Is reading one byte at a time endianness agnostic regardless of value size?

Question

Say I am reading and writing uint32_t values to and from a stream. If I read/write one byte at a time to/from a stream and shift each byte like the below examples, will the results be consistent regardless of machine endianness?

In the examples here the stream is a buffer in memory called p.

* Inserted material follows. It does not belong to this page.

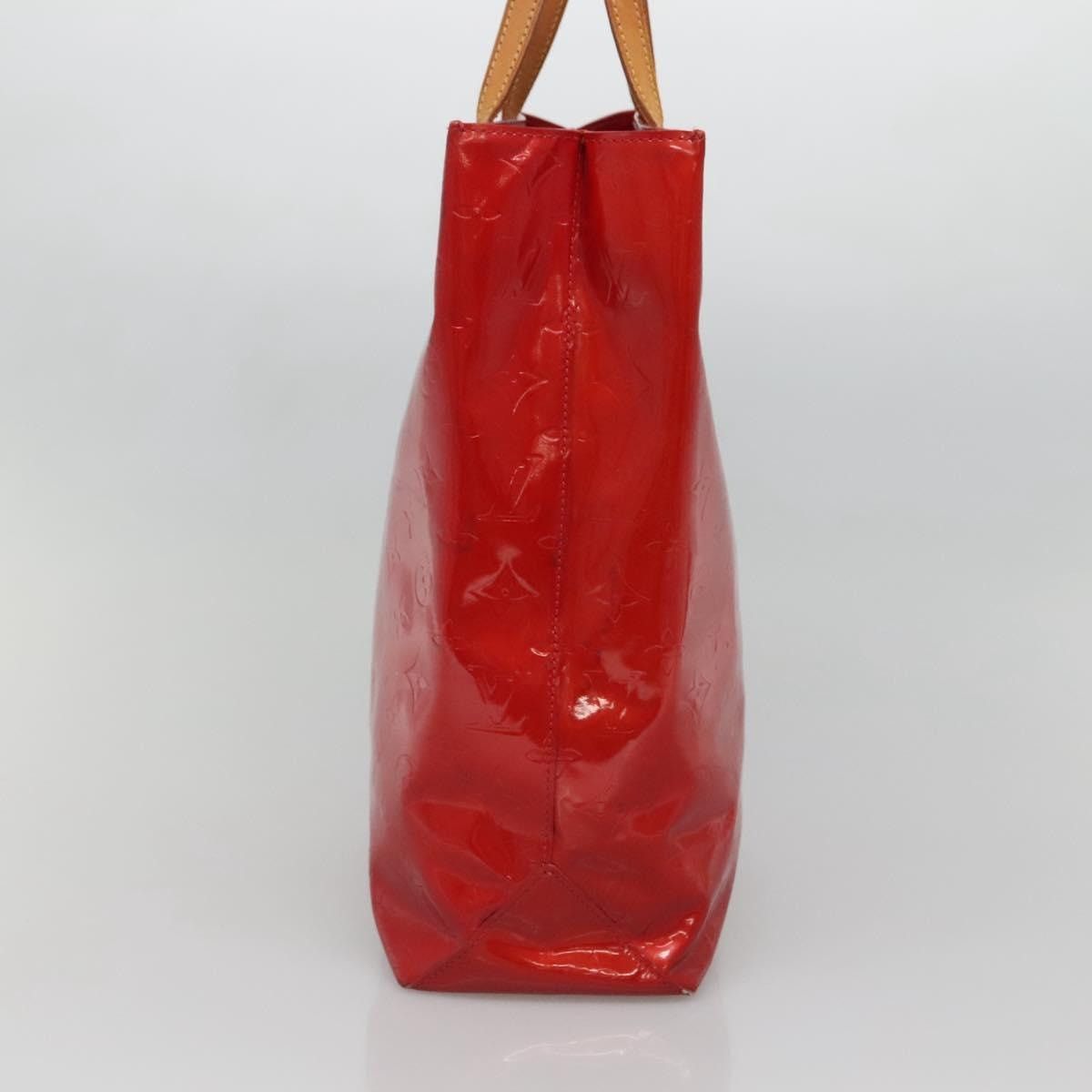Louis Vuitton LOUIS VUITTON Monogram Vernis Reade MM Hand Bag Red Rouge Size ONE SIZE - 3 Thumbnail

static uint32_t s_read_uint32(uint8_t** p)
{
    uint32_t value;
    value  = (*p)[0];
    value |= (((uint32_t)((*p)[1])) << 8);
    value |= (((uint32_t)((*p)[2])) << 16);
    value |= (((uint32_t)((*p)[3])) << 24);
    *p += 4;
    return value;
}

static void s_write_uint32(uint8_t** p, uint32_t value)
{
    (*p)[0] = value & 0xFF;
    (*p)[1] = (value >> 8 ) & 0xFF;
    (*p)[2] = (value >> 16) & 0xFF;
    (*p)[3] = value >> 24;
    *p += 4;
}

I don't currently have access to a big-endian machine to test this out, but the idea is if each byte is written one at a time each individual byte can be independently written or read from the stream. Then the CPU can handle endianness by hiding these details behind the shifting operations. Is this true, and if not could anyone please explain why not?

Answer 1

If I read/write one byte at a time to/from a stream and shift each byte like the below examples, will the results be consistent regardless of machine endianness?

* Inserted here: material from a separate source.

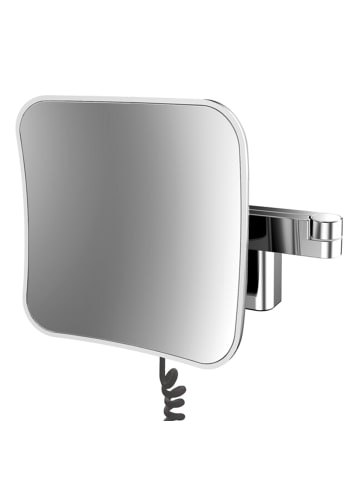 Emco Emco Wand-Kosmetikspiegel mit Beleuchtung, 5-fach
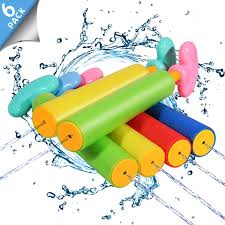 Maybe you would like to learn more about one of these? Amazon Com Biulotter 6 Pack Foam Water Blaster Set Pool Toys Water Guns For Kids Water Gun Blaster Shooter Swimming Pool Outdoor Beach Play Game Toy Toys Games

Yes. Your s_write_uint32() function stores the bytes of the input value in order from least significant to most significant, regardless of their order in the native representation of that value. Your s_read_uint32() correctly reverses this process, regardless of the underlying representation of uint32_t. These work because

• the behavior of the shift operators (<<, >>) is defined in terms of the value of the left operand, not its representation
• the & 0xff masks off all bits of the left operand but those of its least-significant byte, regardless of the value's representation (because 0xff has a matching representation), and
• the |= operations just put the bytes into the result; the positions are selected, appropriately, by the preceding left shift. This might be more clear if += were used instead, but the result would be no different.

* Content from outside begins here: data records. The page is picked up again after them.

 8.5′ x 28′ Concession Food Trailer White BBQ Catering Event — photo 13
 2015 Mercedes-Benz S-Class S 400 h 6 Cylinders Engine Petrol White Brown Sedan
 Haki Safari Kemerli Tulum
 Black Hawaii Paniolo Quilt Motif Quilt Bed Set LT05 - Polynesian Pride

Note, however, that to some extent, you are reinventing the wheel. POSIX defines a function pair htonl() and nothl() -- supported also on many non-POSIX systems -- for dealing with byte-order issues in four-byte numbers. The idea is that when sending, everyone uses htonl() to convert from host byte order (whatever that is) to network byte order (big endian) and sends the resulting four-byte buffer. On receipt, everyone accepts four bytes into one number, then uses ntohl() to convert from network to host byte order.

Answer 2

It'll work but a memcpy followed by a conditional byteswap will give you much better codegen for the write function.

#include <stdint.h>
#include <string.h>

#define LE (((char*)&(uint_least32_t){1})[0]) // little endian ? 
void byteswap(char*,size_t);

uint32_t s2_read_uint32(uint8_t** p)
{
    uint32_t value;
    memcpy(&value,*p,sizeof(value));
    if(!LE) byteswap(&value,4);
    return *p+=4, value;
}

 void s2_write_uint32(uint8_t** p, uint32_t value)
{
    memcpy(*p,&value,sizeof(value));
    if(!LE) byteswap(*p,4);
    *p+=4;
}

Gcc since the 8th series (but not clang) can eliminate this shifts on a little-endian platforms, but you should help it by restrict-qualifying the doubly-indirect pointer to the destination, or else it might think that a write to (*p)[0] can invalidate *p (uint8_t is a char type and therefore permitted to alias anything).

void s_write_uint32(uint8_t** restrict p, uint32_t value)
{
    (*p)[0] = value & 0xFF;
    (*p)[1] = (value >> 8 ) & 0xFF;
    (*p)[2] = (value >> 16) & 0xFF;
    (*p)[3] = value >> 24;
    *p += 4;
}